Papier Mache in the Caribbean – US Virgin Islands

tnToday we have a guest post from Carolyn of St. Croix. She shows us some small sculptures she makes with an adapted version of my air dry clay recipe, and discusses some problems that are unique to paper mache artists who work in humid climates. She also shows us how she makes her delightful paper mache fish, using balloons. Thanks for the post, Carolyn!

By the way, the beautiful photo at the top of the blog is of Frederiksted, St. Croix, US Virgin Islands.  Amazing …

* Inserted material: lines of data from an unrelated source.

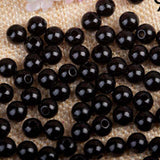 500pcs 6mm Round Plastic Imitation Pearl Spacer Beads DIY Craft Black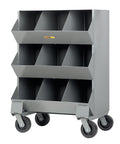 Top Shelf Three Tier Mobile Storage Cart Delivers Road Ready Welded Steel Build With Nine Slick Swivel Caster Workspace Bins in gray.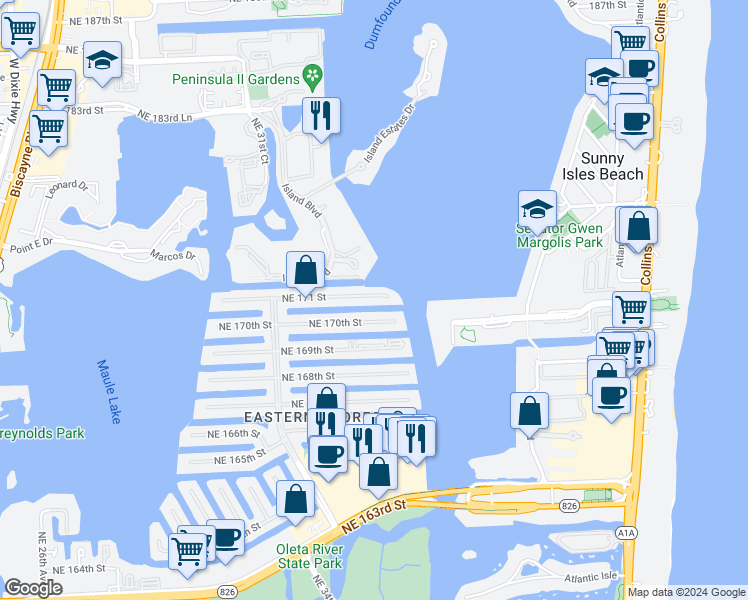 map of restaurants, bars, coffee shops, grocery stores, and more near 3912 Northeast 171 Street in North Miami Beach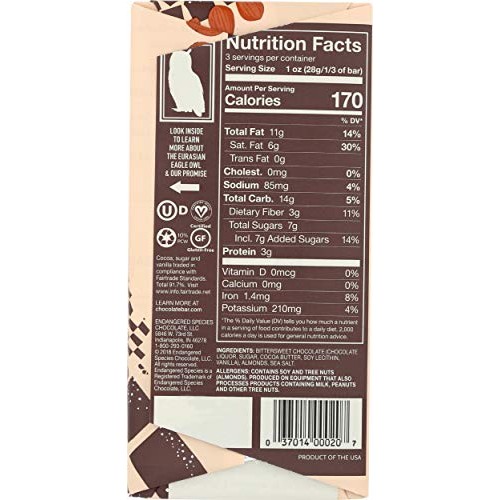 Endangered Species, Bar Chocolate Dark Almonds And Sea Salt 72%,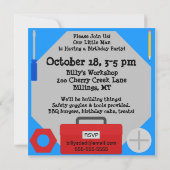 Invitation de fête d'anniversaire d'atelier (Dos)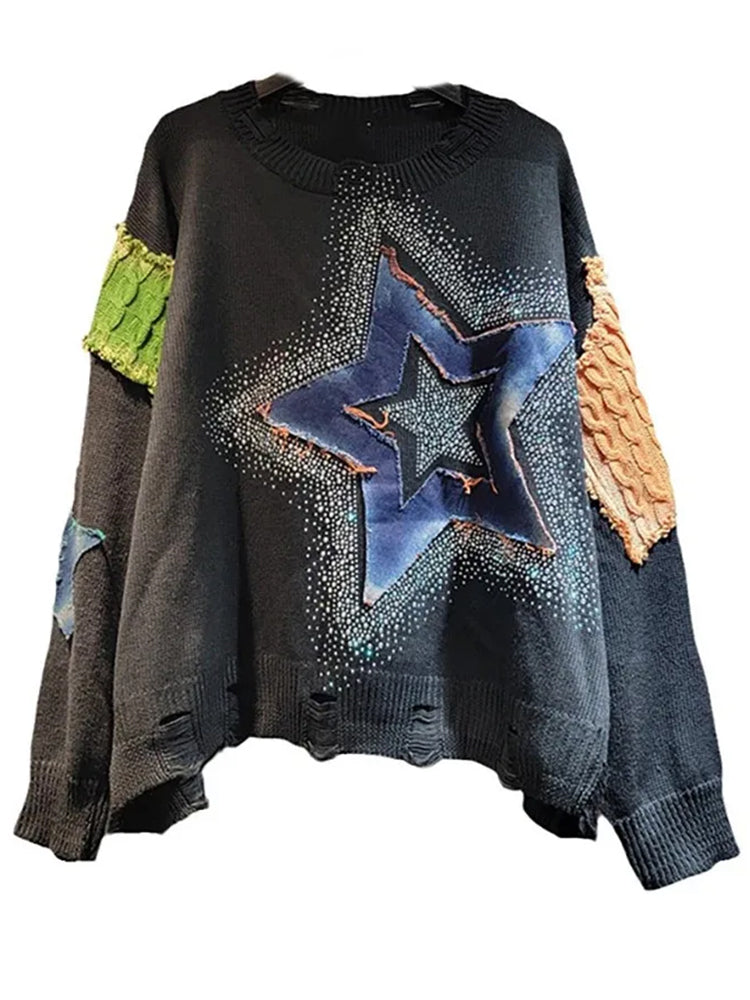 Black Cotton-Polyester Womens Loose Pullover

©2016 Carolyn of St. Croix

My first professional experience with papier mâché came in college where I learned the art of making molds and applying shredded paper paste to create forms.  Before that, I was used to making balloon “armatures” and using them as pinatas, etc.  Nonetheless, I became enthralled with the many aspects of fiber usage and never thought I would turn this knowledge into a profitable hobby/venture today.

Here in the Caribbean, the sun seems to shine brighter and even hotter than before when I was young.  It is the perfect setting for all kind of solar energy pursuits and of course the less costliest and most efficient way of drying or preserving my papier mâché artworks.  I am also an art teacher in a public school and offer afterschool and summer camp sessions where I teach alot about making recyclable items using different types of paper pasting methods.

We do a lot of environment and gardening activities so the making of paper pots or garden art fits in well with our Garden School theme (the name of our non profit organization school).

I have been actively making our locally infamous Caribbean cultural icon , a Moko Jumbie ornament, since 1989.  Immediately after Hurricane Hugo hit the islands that year, our electricity was out for a long time.  During times like that there is a lot of time to live and act more « down to earth » and my creative juices flowed like a river.  I utilized my skills to create my first free hanging ornaments using crotchet and hand sewing techniquies.   I felt the « spirit » so to speak of Moko Jumbie throughout the land….Good over Evil….making my artwork help me to remain focused and calm while rebuilding our home.

Later on I sculpted clay and created cast plaster molds that I still use today to apply the wonderful Smooth-On recipes and more that I learned about and practiced from the UltimatePaperMache website.

Jonni Good has created the perfect platform for users of this art medium and helped me immensely over the years with solving questions, getting useful tips and so much more.   I was grateful and enthused to write this article to show what I have done and involve other paper artists to respond and share with me some tips I can use to enhance my artwork further.

For example, her air-dry clay recipe that contains flour and cornstarch came out great for creating my Mokos in molds.

The disaster came after the shoppe I consigned them to called me one day to inform me that  ‘something’  was eating my pieces.  Ugh !!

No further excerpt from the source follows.